Record set:
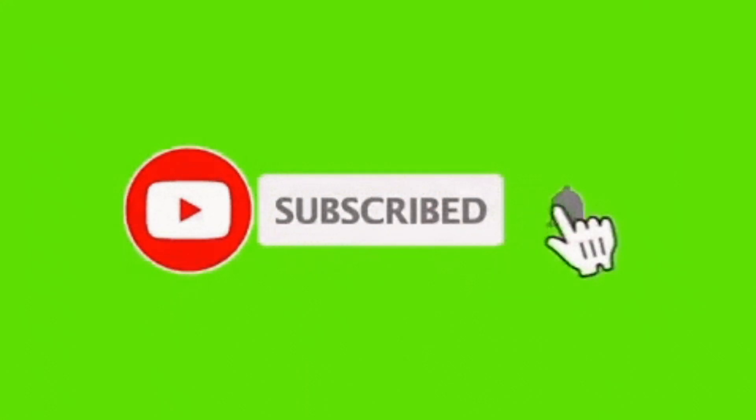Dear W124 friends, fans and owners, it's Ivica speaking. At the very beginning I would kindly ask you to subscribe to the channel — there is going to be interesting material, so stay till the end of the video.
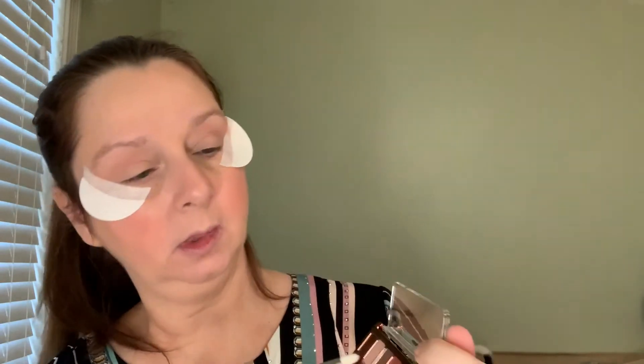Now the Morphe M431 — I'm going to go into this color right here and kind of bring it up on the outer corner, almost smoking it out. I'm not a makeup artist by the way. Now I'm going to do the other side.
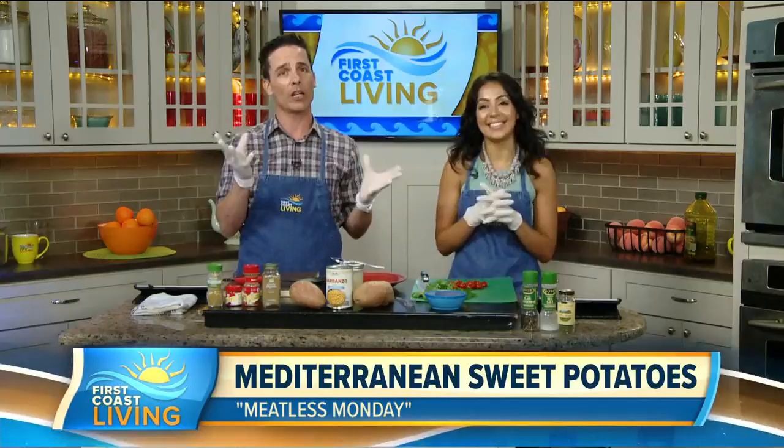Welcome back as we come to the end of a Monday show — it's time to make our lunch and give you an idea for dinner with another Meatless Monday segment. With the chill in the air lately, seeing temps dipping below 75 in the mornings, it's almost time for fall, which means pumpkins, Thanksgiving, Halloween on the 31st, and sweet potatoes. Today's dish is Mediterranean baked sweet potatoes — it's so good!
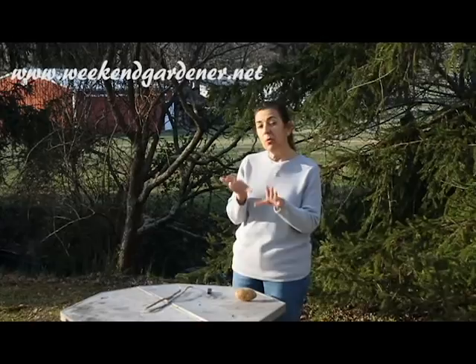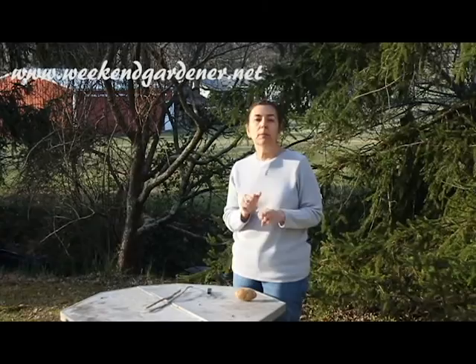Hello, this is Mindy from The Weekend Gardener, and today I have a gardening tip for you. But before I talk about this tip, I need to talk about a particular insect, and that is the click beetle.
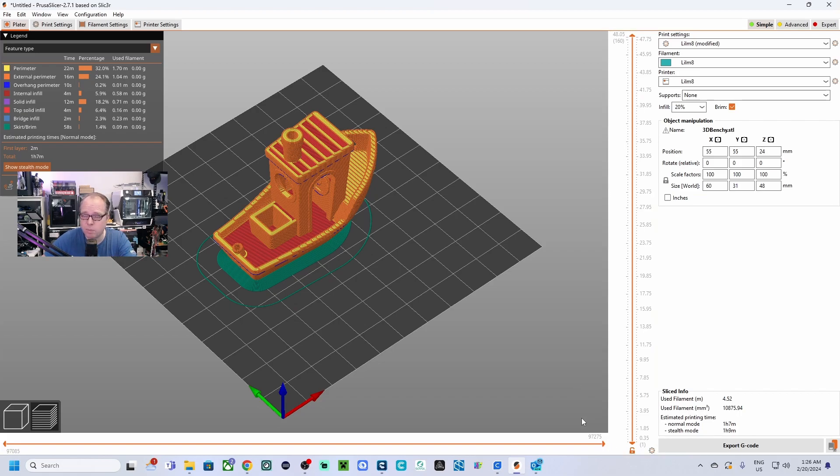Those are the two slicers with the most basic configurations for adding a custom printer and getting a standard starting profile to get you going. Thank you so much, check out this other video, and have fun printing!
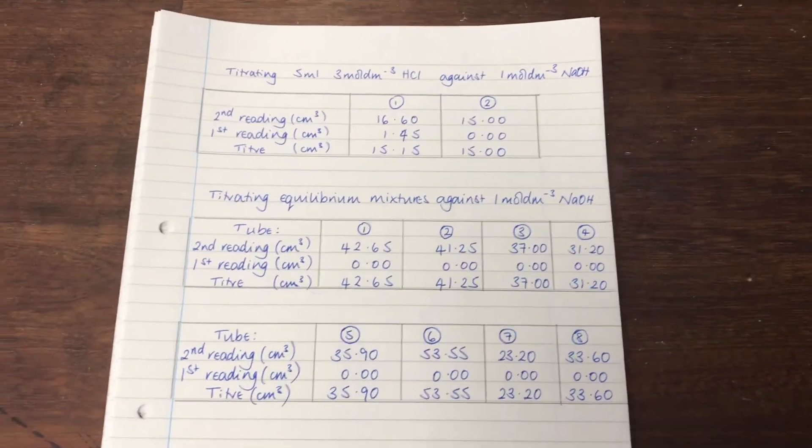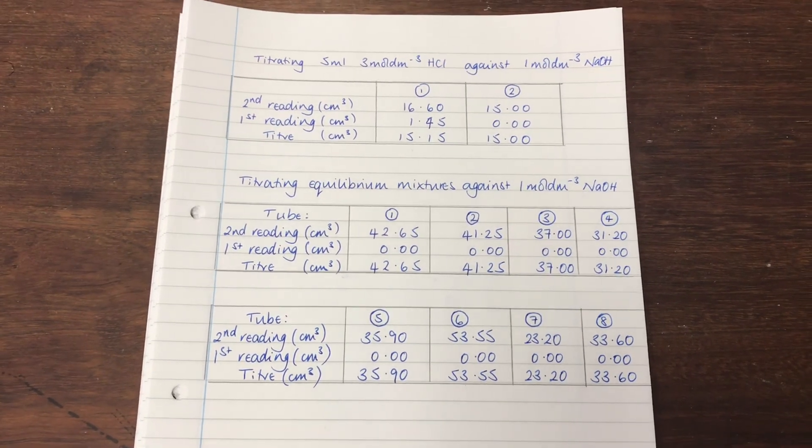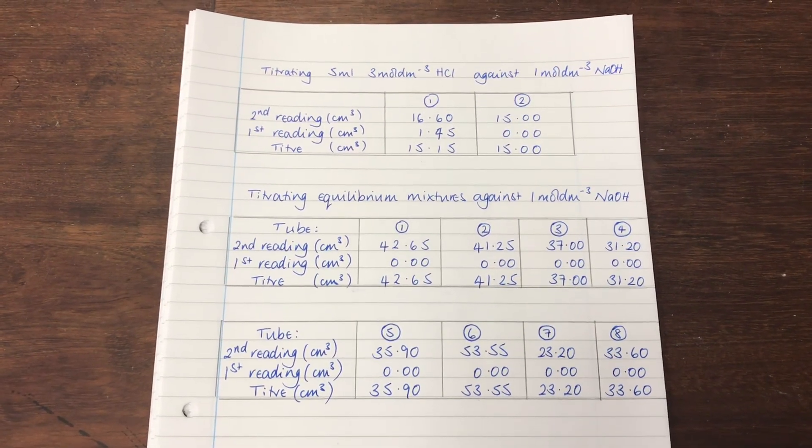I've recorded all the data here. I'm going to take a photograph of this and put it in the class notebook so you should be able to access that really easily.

What is being asked: All of the data is to be transcribed exactly, with images omitted.

Result of this task:
Dear W124 friends, fans and owners, it's Ivica speaking. At the very beginning I would kindly ask you to subscribe to the channel — there is going to be interesting material, so stay till the end of the video.
Now the Morphe M431 — I'm going to go into this color right here and kind of bring it up on the outer corner, almost smoking it out. I'm not a makeup artist by the way. Now I'm going to do the other side.
Welcome back as we come to the end of a Monday show — it's time to make our lunch and give you an idea for dinner with another Meatless Monday segment. With the chill in the air lately, seeing temps dipping below 75 in the mornings, it's almost time for fall, which means pumpkins, Thanksgiving, Halloween on the 31st, and sweet potatoes. Today's dish is Mediterranean baked sweet potatoes — it's so good!
Hello, this is Mindy from The Weekend Gardener, and today I have a gardening tip for you. But before I talk about this tip, I need to talk about a particular insect, and that is the click beetle.
Those are the two slicers with the most basic configurations for adding a custom printer and getting a standard starting profile to get you going. Thank you so much, check out this other video, and have fun printing!
I've recorded all the data here. I'm going to take a photograph of this and put it in the class notebook so you should be able to access that really easily.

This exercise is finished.